> [Dataset records]:
[Start of section]

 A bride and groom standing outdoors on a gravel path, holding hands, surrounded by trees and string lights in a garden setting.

[End of section]
[Start of section]

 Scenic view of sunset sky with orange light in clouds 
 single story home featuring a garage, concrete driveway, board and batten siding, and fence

[End of section]

> [Work task]:
Using the entries above, extract exactly the span from the line with "Scenic view of" to the line with "single story home", both lines included; leave out everything else.

> [Task output]:
 Scenic view of sunset sky with orange light in clouds 
 single story home featuring a garage, concrete driveway, board and batten siding, and fence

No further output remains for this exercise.